What you are asked to do: Extract the run of lines that starts at the top of the records below and ends at the line with "2013 Chevrolet Silverado", keeping both ends and excluding pictures.

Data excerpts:
---------------
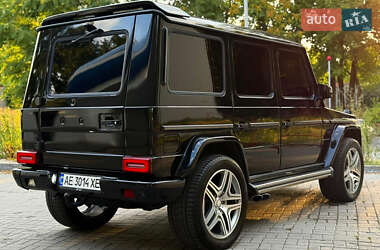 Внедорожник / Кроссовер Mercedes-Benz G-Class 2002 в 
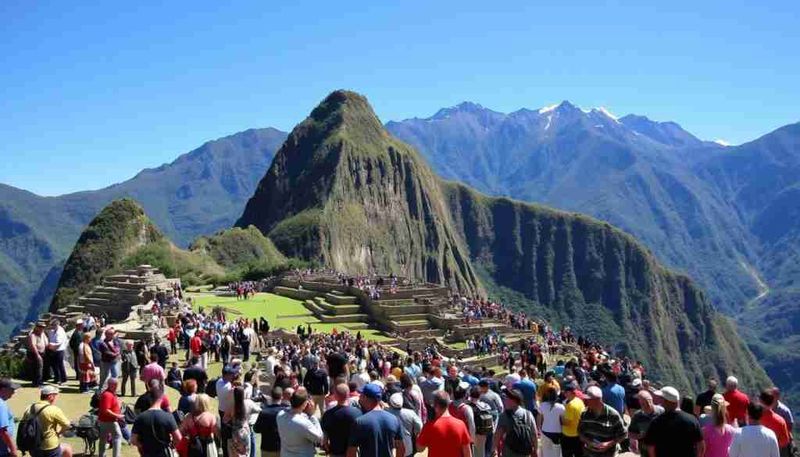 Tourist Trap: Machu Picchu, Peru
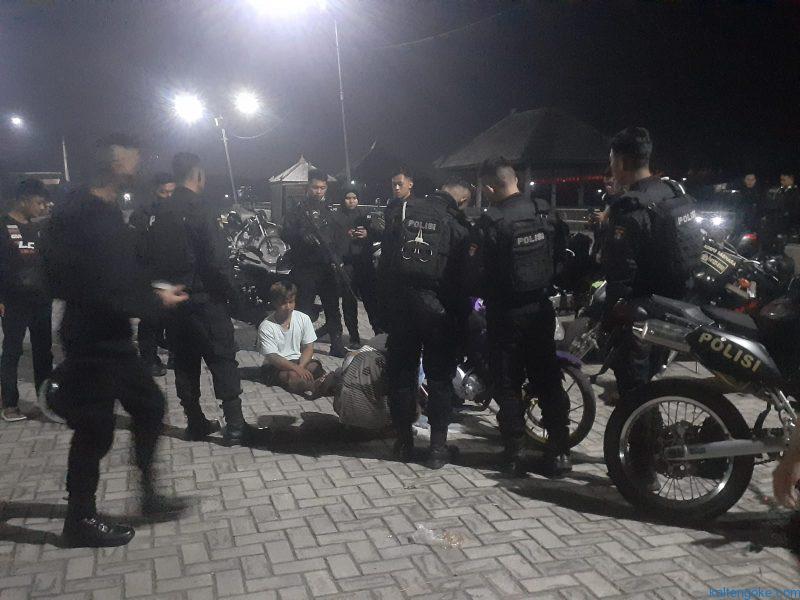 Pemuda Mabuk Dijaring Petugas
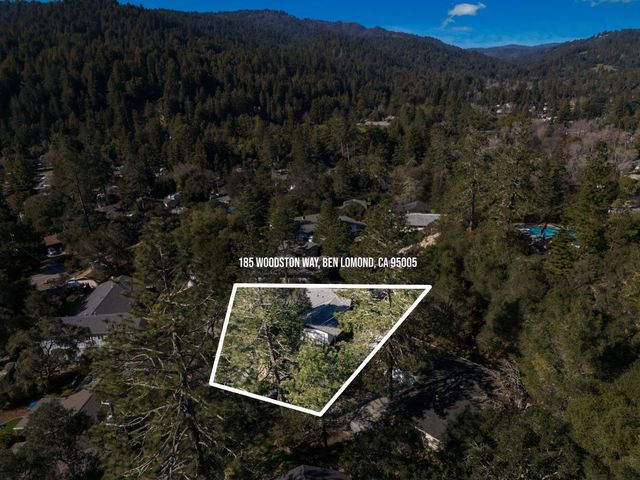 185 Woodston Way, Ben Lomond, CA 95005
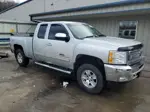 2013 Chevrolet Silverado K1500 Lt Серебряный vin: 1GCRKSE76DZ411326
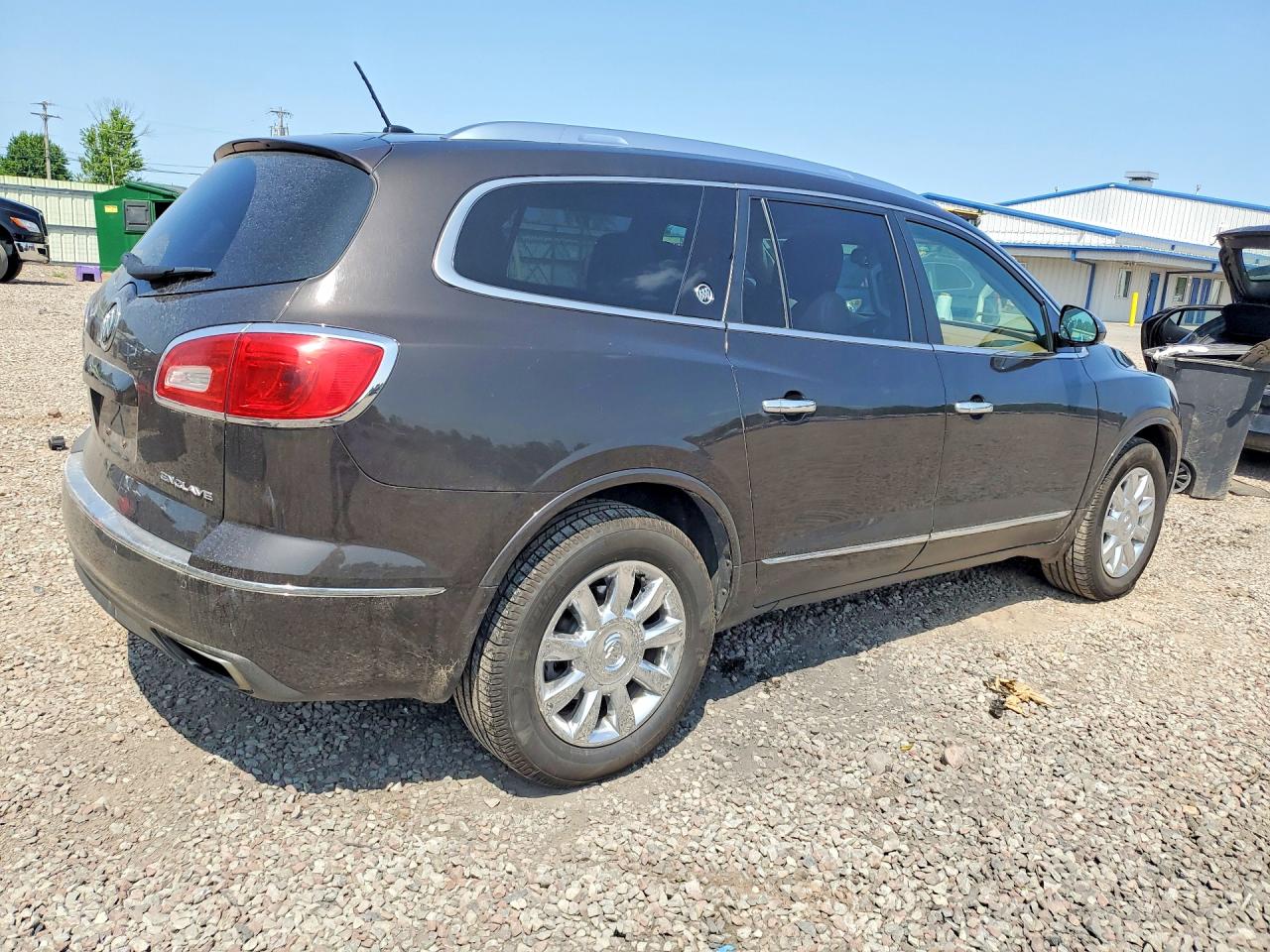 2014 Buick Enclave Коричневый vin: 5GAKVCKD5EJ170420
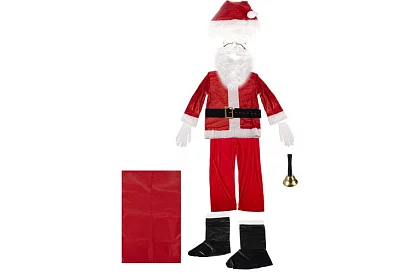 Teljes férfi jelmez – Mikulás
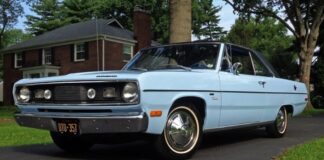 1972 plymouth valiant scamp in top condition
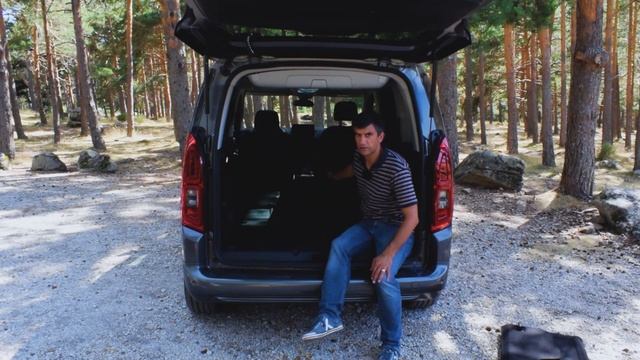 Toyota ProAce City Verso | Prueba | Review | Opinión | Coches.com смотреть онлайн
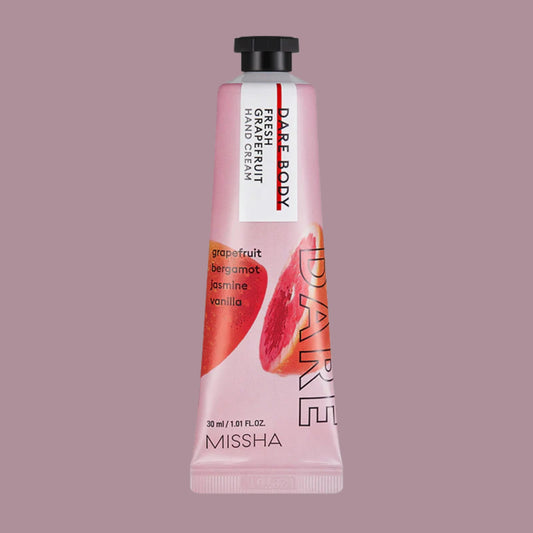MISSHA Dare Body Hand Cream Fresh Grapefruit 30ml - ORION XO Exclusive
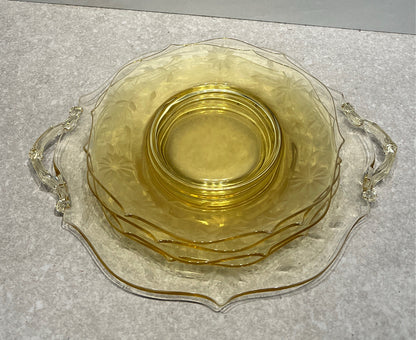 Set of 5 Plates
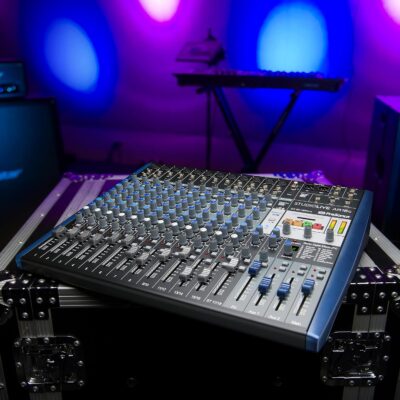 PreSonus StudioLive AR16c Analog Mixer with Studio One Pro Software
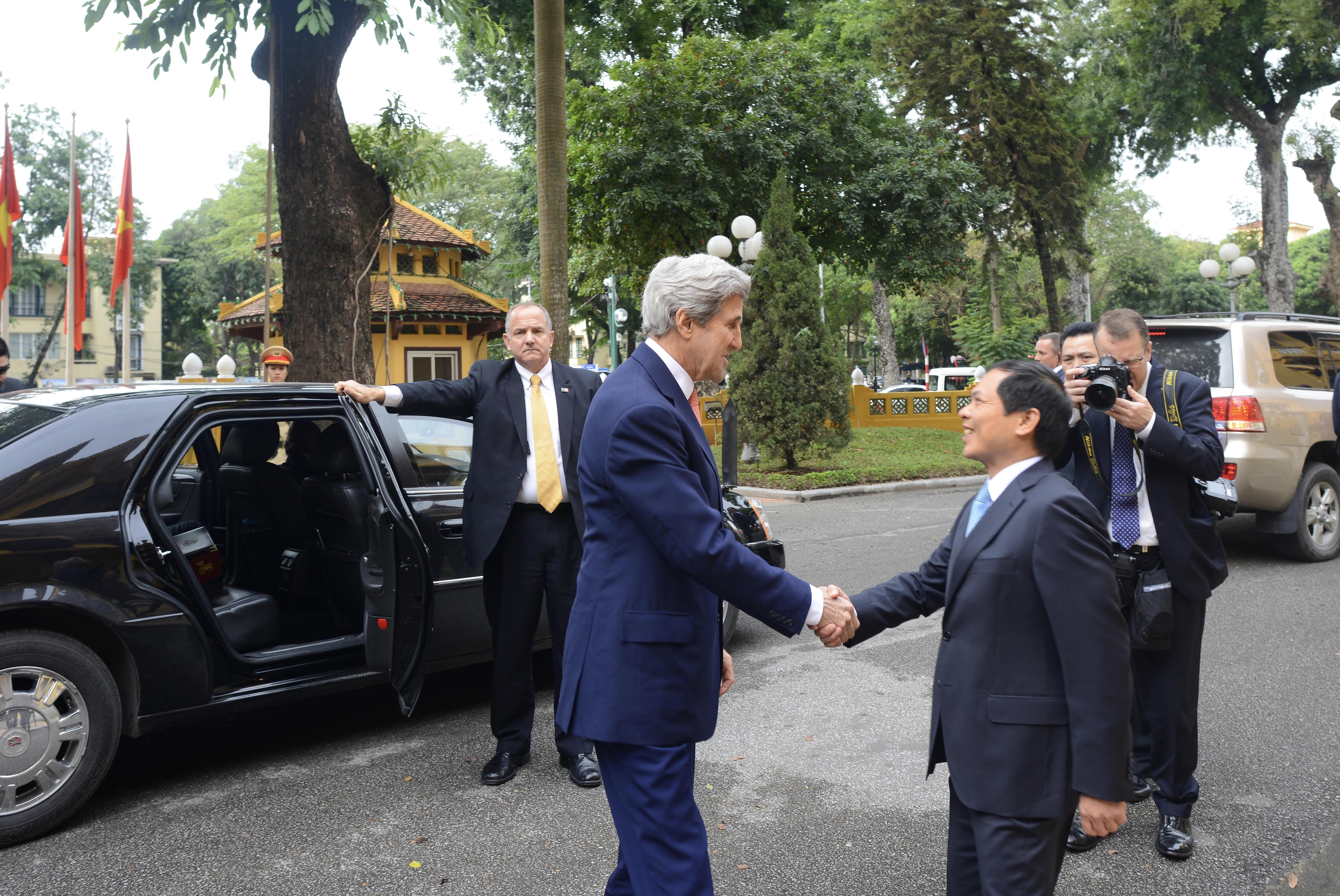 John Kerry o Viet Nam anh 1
---------------
Solution below:
 Внедорожник / Кроссовер Mercedes-Benz G-Class 2002 в 
 Tourist Trap: Machu Picchu, Peru
 Pemuda Mabuk Dijaring Petugas
 185 Woodston Way, Ben Lomond, CA 95005
 2013 Chevrolet Silverado K1500 Lt Серебряный vin: 1GCRKSE76DZ411326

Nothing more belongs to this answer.